[Opening EXERCISE DATA section]

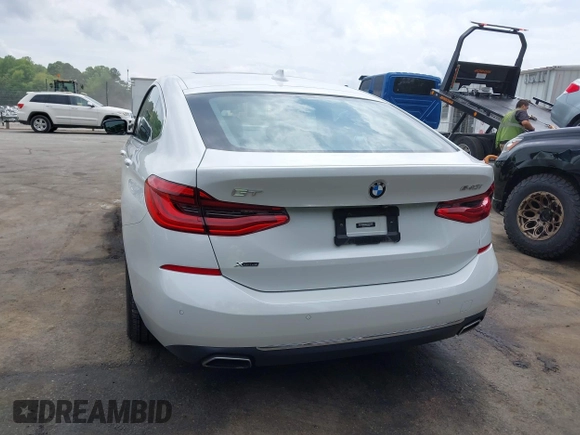 2019 BMW 6 Series 640i xDrive z VIN WBAJV6C56KBK09053, wystawiony jako IAAI lot #42108336 z przebiegiem 55 176 mil mil oraz . Historia ofert i sprzedaży dostępna na DreamBid. Obrazek 16.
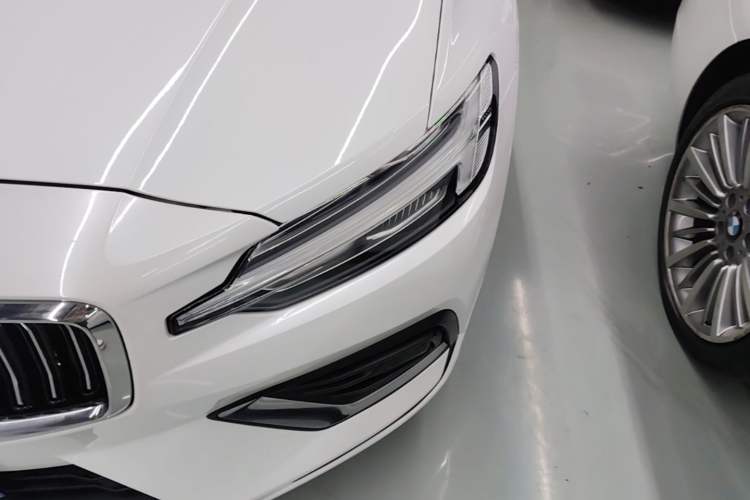 Used Volvo S60 2021 T4 Zhiyi Luxury Edition Left Front Headlight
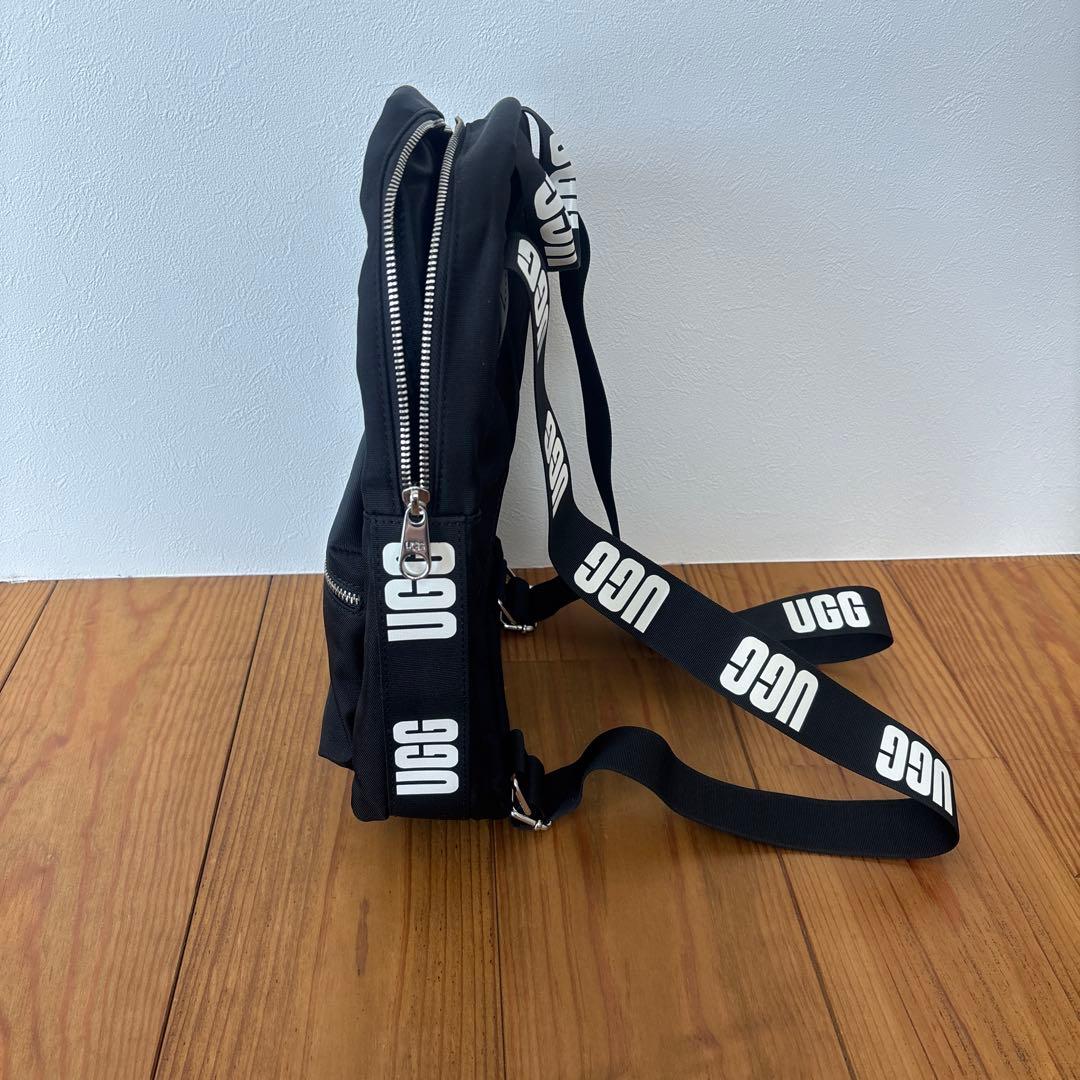 UGGキルティングバッグパック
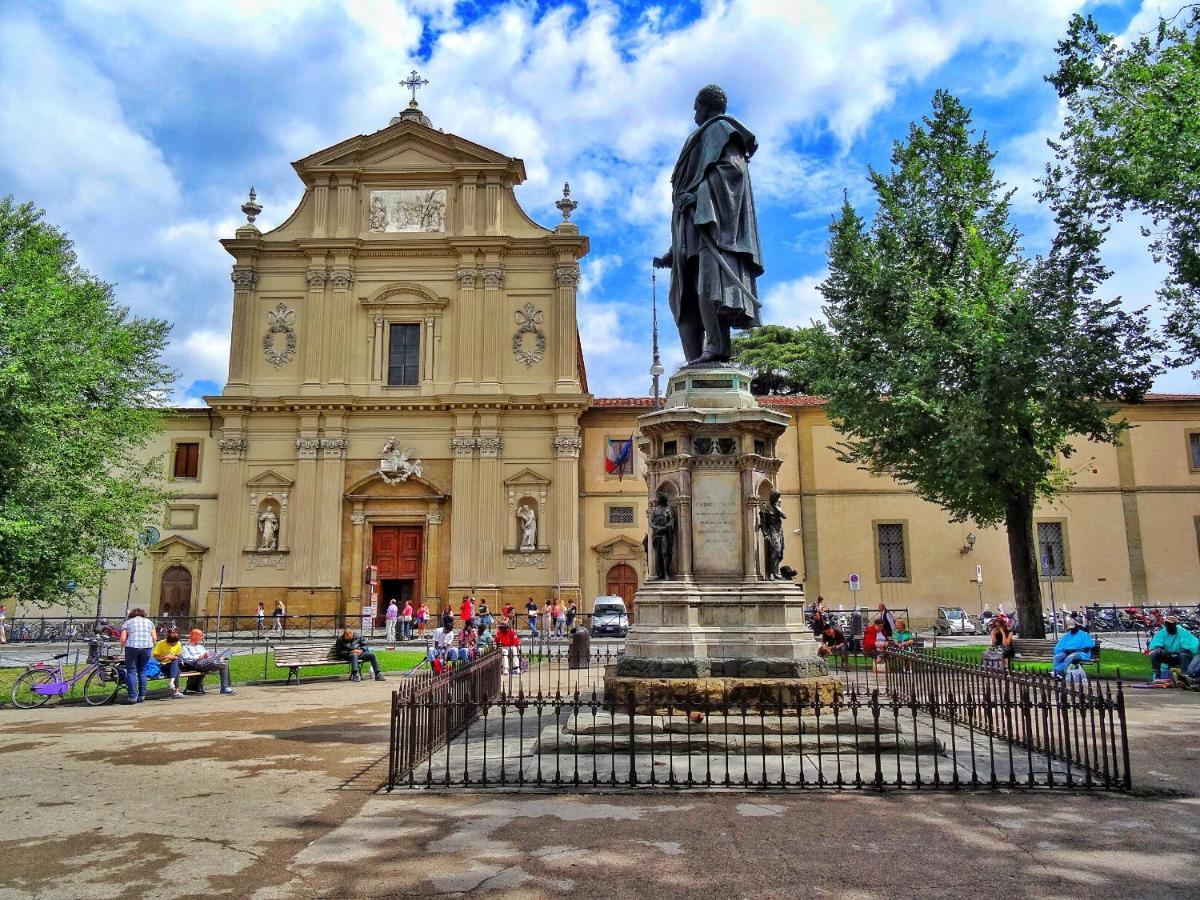 Historic Center Palace - Huge 4 Bedrooms Santa Croce Apartment - By LikehomeФлоренция Экстерьер фото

[Closing EXERCISE DATA section]

Exact repetition of each line above is expected; images are to be omitted.

 2019 BMW 6 Series 640i xDrive z VIN WBAJV6C56KBK09053, wystawiony jako IAAI lot #42108336 z przebiegiem 55 176 mil mil oraz . Historia ofert i sprzedaży dostępna na DreamBid. Obrazek 16.
 Used Volvo S60 2021 T4 Zhiyi Luxury Edition Left Front Headlight
 UGGキルティングバッグパック
 Historic Center Palace - Huge 4 Bedrooms Santa Croce Apartment - By LikehomeФлоренция Экстерьер фото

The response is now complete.